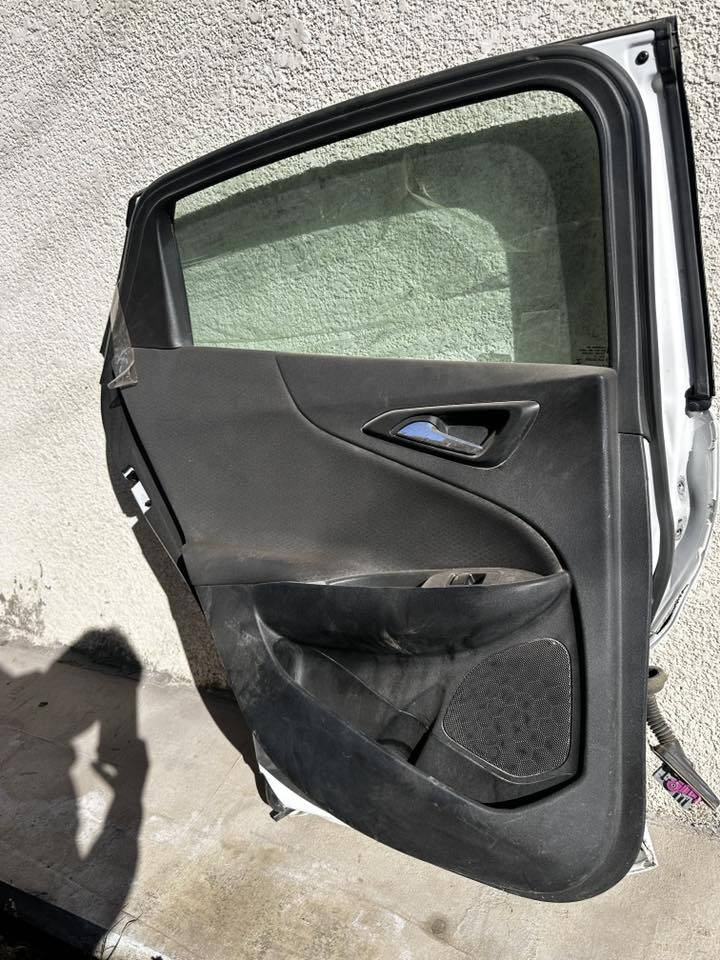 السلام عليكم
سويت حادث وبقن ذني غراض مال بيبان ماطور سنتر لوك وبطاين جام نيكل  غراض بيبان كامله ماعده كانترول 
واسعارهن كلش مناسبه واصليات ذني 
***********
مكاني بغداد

● ● ●

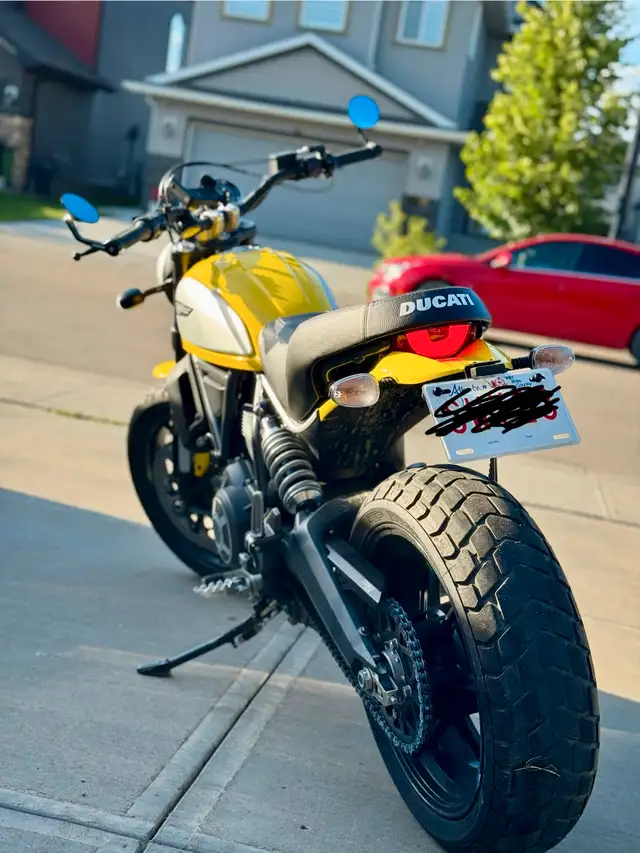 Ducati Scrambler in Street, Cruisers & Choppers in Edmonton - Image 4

● ● ●

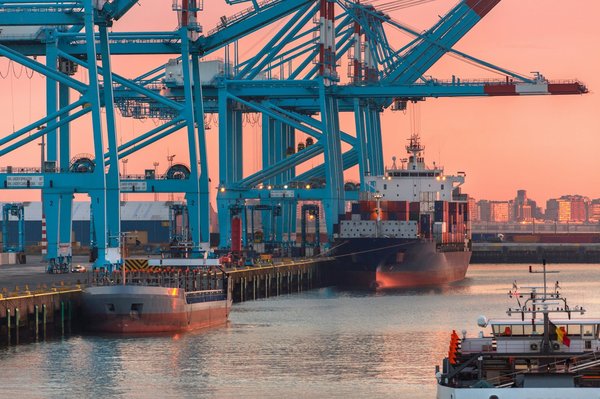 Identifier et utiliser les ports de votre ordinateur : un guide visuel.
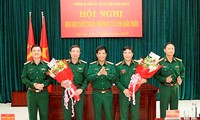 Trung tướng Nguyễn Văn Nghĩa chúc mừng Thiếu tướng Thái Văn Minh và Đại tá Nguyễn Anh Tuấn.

● ● ●

§ What to work on
For the data above, set down exactly the lines from the line with "السلام عليكم" to the line with "مكاني بغداد", both included, leaving pictures out.

§ Reply
 السلام عليكم
سويت حادث وبقن ذني غراض مال بيبان ماطور سنتر لوك وبطاين جام نيكل  غراض بيبان كامله ماعده كانترول 
واسعارهن كلش مناسبه واصليات ذني 
***********
مكاني بغداد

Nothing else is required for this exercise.